災害の影響を可能な限り低減する最も有効な方法はその予知であろう。災害を予知し、その対策を事前にとることにより、大幅な被害の軽減ができる。応用物理学分野で技術基盤が確立しつつある新しい技術を駆使することにより、様々な災害の予兆を従来になり高い感度で検知することができるようになり、安全・安心な社会の構築に貢献する。

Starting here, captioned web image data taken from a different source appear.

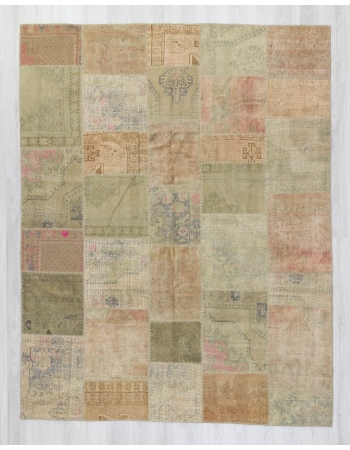 Vintage pastel Turkish patchwork rug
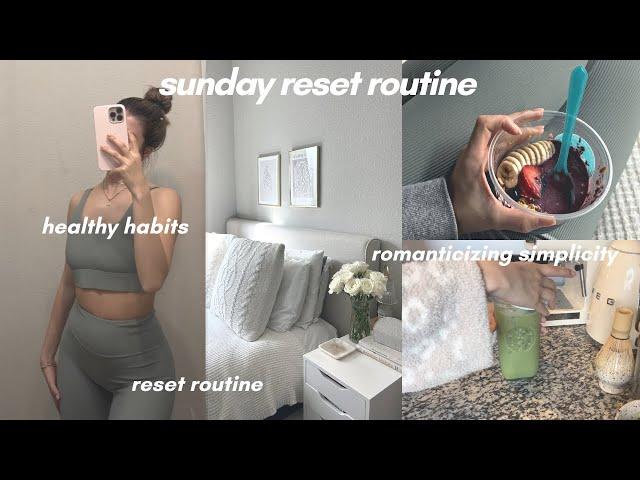 sunday reset routine 🪷 healthy habits, cleaning motivation, groceries + self care ~aesthetic~l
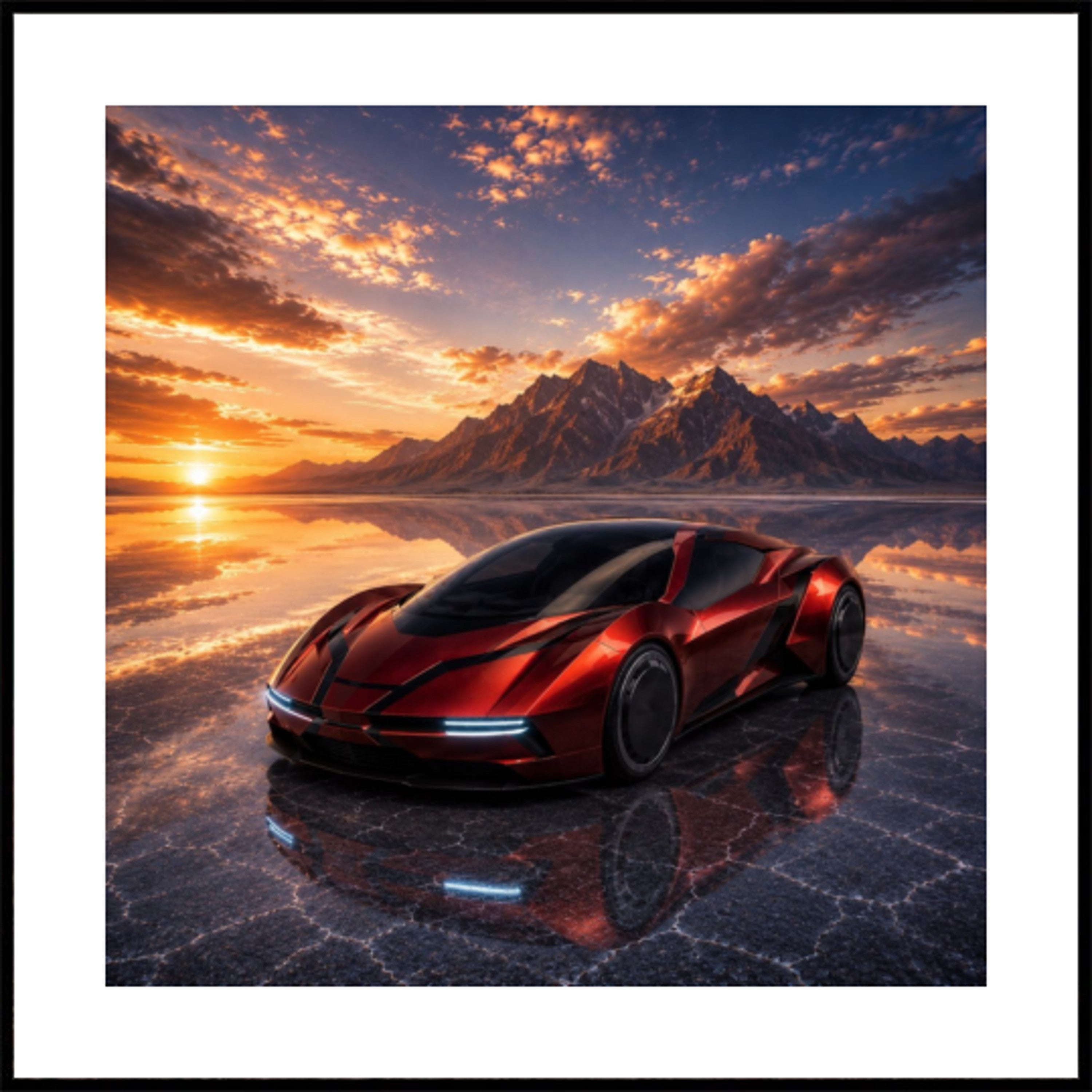 Voiture de sport vibrante au coucher du soleil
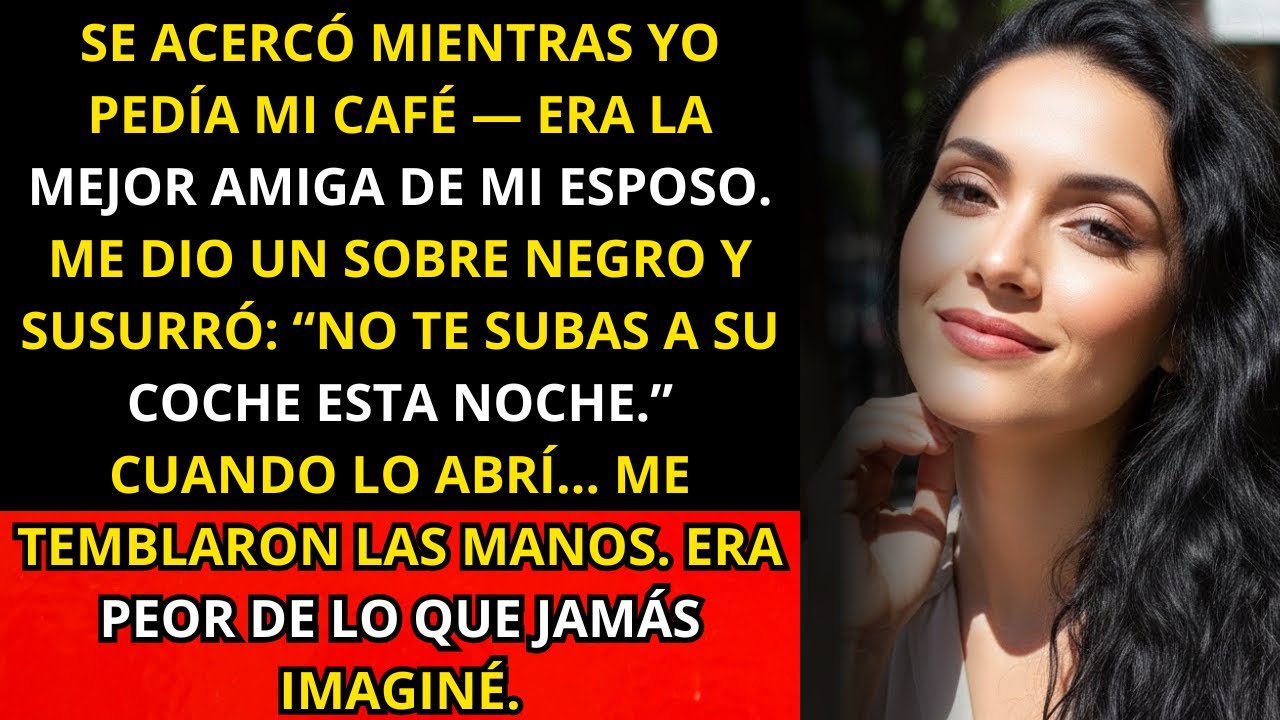 En el café, la amiga de mi esposo me entregó un sobre negro: “no te subas a su coche esta noche”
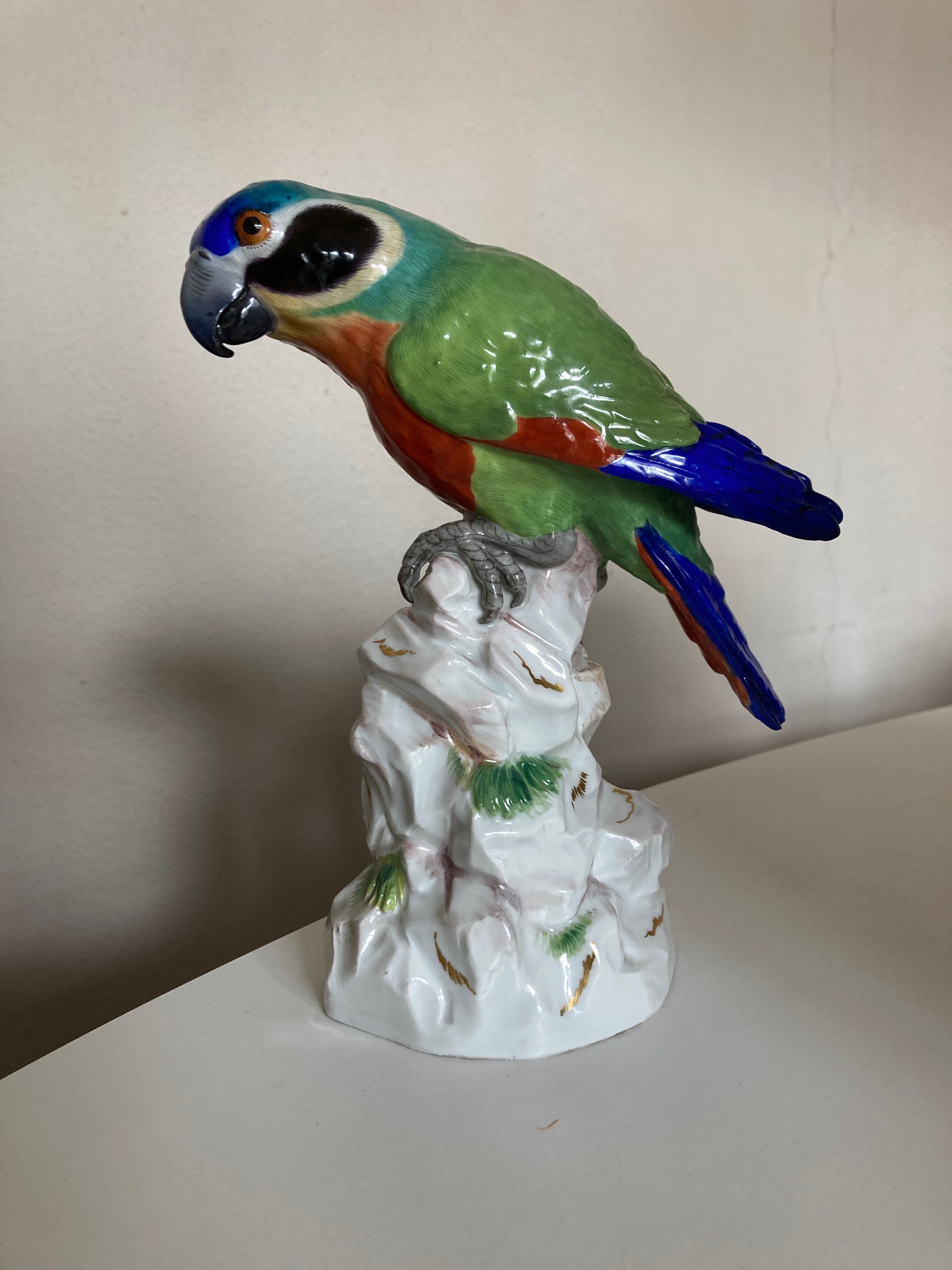 19th century Saxony porcelain parrot signed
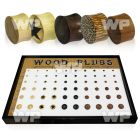 4amitt display w assorted double flared wood plugs coconut tea ear lobe piercing
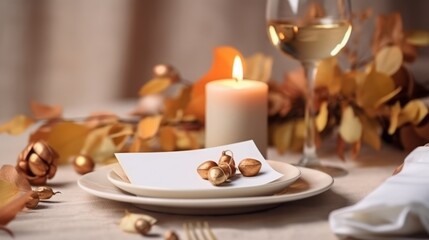 Fototapeta na wymiar Rustic Autumn Wedding Table Decor Featuring White Place Card Mockup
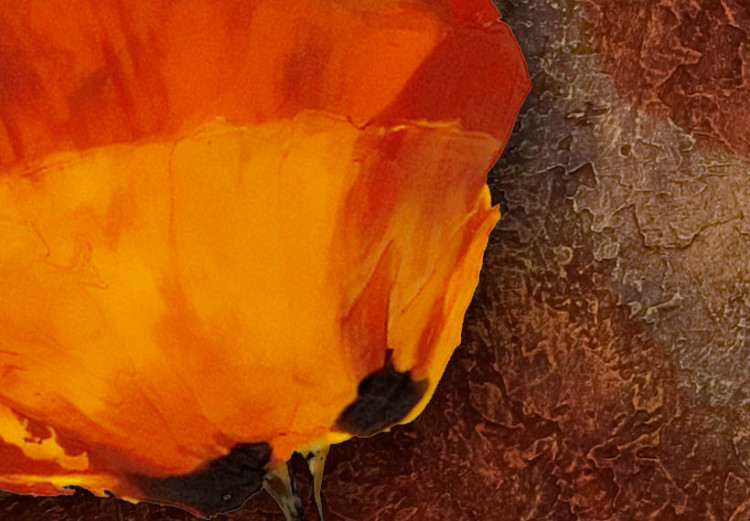 Tableau contemporain Subtilité des coquelicots (3 pièces) - Fleurs oranges sur fond brun 48643 additionalImage 3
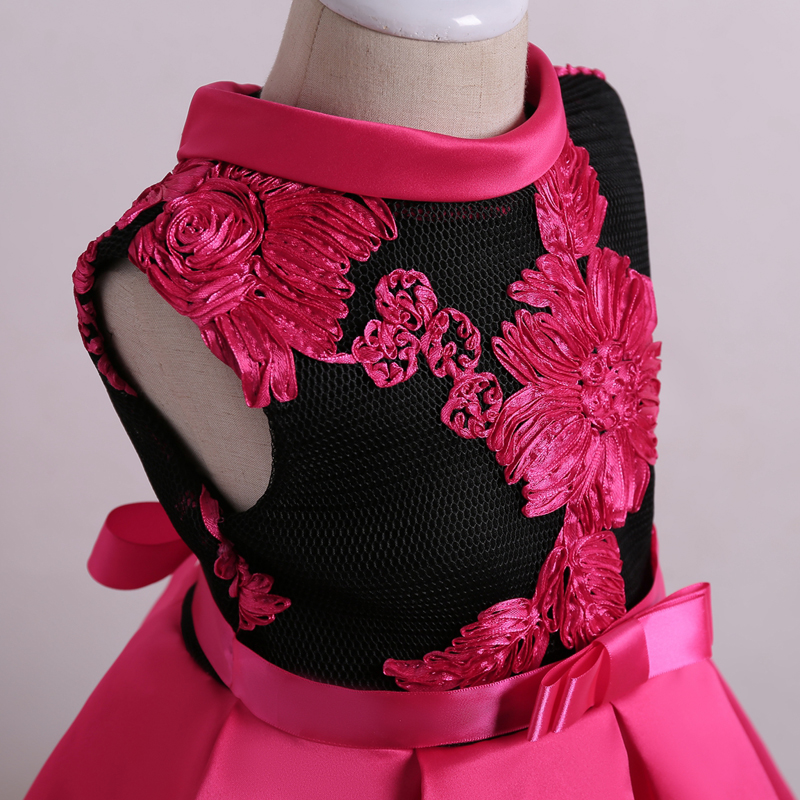 Girl's Elegant Flower Embroidered Sleeveless Pleated Party in Hot Pink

  1. 5-(1) テラヘルツトモグラフィーの高度化

    テラヘルツ波を利用したトモグラフィー(断層撮影)技術の高度化研究を推進する。テラヘルツ波は非金属性の物質を比較的よく透過するため、その透過波および内部反射を利用して,破壊された建造物等の内部構造を非破壊で断層撮影することが可能である。テラヘルツトモグラフィー技術は、すでに美術品や絵画の診断・修復などに利用されており、被災地の破壊された建造物(特に木造建築物)の診断などに有用性を発揮すると思われる。高度化されたテラヘルツトモグラフィー技術を、災害救助活動や破壊された建造物の診断に応用することで、震災復興のみならず、日本の安全安心を確保することに貢献する。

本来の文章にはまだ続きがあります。